Date of Award

Spring 1-1-2011

Document Type


Degree Name

Doctor of Philosophy (PhD)


Political Science

First Advisor

David S Brown

Second Advisor

Joseph Jupille

Third Advisor

Susan Clarke


Family migration accounts for the majority of migrant movement to the developed world. In response, European states change family migration policy provisions in an attempt to balance national interests with their human rights obligation to respect family life. This dissertation explains variation across European family migration polices and discovers politics is the primary policy determinant. The findings suggest public support for immigration control and radical anti-immigrant parties trumps humanitarian, economic, and demographic concerns when it comes to explaining variance in family migration policy. Indicators of political conservativism also describe variation in labor and family migrant policy, in family immigration and immigrant policies, and in the implementation of “integration from abroad” programs. The results have significant political implications on two fronts. First, immigration policies based on humanitarian principles are fragile to national political maneuvering, suggesting that international law has not obtained significant weight over national interests. Second, the importance of the radical right and anti-immigrant public opinion for family migration policy reveals the vulnerability of rights-based immigration policy to anti-democratic interests.
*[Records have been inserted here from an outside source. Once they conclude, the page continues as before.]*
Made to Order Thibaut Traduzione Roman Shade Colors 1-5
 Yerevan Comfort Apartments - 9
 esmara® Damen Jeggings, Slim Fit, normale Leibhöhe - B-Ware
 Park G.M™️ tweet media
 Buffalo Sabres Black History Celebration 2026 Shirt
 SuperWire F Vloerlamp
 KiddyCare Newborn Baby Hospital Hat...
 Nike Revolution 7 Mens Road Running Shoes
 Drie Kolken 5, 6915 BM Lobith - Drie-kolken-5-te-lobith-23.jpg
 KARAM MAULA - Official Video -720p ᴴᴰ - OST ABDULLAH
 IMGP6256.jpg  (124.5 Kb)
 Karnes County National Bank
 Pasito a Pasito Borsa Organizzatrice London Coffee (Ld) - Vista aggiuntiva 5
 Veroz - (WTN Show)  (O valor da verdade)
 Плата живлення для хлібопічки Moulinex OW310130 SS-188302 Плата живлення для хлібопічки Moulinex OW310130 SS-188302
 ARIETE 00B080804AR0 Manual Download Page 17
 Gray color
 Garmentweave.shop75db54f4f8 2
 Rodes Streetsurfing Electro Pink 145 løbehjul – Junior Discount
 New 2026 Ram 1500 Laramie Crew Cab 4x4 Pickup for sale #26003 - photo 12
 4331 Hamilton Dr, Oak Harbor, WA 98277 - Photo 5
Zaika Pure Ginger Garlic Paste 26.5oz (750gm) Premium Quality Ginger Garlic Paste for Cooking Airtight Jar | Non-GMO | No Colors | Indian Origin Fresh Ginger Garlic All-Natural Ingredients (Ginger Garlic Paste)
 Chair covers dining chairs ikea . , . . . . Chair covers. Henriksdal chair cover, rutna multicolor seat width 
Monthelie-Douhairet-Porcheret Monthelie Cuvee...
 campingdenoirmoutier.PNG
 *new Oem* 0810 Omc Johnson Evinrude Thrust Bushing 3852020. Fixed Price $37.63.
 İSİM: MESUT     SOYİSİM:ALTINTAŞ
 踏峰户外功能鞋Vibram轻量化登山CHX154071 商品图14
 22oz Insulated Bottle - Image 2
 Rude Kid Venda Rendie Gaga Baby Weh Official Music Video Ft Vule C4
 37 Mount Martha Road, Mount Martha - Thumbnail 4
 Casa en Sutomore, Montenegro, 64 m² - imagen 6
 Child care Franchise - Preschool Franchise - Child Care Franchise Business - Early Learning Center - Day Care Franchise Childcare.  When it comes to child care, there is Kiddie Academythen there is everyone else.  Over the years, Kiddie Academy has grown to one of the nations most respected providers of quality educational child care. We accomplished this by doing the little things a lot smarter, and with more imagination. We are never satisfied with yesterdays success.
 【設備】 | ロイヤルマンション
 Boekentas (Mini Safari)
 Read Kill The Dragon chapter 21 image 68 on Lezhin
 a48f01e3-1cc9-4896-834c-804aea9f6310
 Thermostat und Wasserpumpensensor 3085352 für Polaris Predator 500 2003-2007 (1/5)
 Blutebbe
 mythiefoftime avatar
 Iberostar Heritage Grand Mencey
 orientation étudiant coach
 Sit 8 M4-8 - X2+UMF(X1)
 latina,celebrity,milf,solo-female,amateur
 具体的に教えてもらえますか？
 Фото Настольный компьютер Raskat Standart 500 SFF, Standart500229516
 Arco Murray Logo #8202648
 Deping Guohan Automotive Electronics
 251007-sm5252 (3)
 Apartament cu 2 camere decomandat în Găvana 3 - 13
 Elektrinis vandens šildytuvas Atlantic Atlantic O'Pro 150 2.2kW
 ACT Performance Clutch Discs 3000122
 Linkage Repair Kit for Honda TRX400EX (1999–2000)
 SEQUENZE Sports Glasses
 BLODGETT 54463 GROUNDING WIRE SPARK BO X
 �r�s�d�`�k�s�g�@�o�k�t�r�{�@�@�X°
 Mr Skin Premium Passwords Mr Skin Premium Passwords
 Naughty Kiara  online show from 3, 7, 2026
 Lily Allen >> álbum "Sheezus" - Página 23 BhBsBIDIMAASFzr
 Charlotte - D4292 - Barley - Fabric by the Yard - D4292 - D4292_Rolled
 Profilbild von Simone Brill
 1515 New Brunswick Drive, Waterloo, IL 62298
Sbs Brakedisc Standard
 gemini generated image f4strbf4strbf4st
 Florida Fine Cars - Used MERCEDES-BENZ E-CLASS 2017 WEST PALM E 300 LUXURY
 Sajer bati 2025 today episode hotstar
In addition to providing robust findings and practical implications for domestic and international politics, this dissertation contributes to the existing literature in an additional four ways: it examines family migration (which has not been widely distinguished as a unique subject of study); it groups existing theories of immigration policy into an evaluative framework of humanitarian, economic, political, and demographic policy motivators; it uses multivariate analysis to examine general trends across cases; and it uses recent data to examine policy provisions in quantitative models.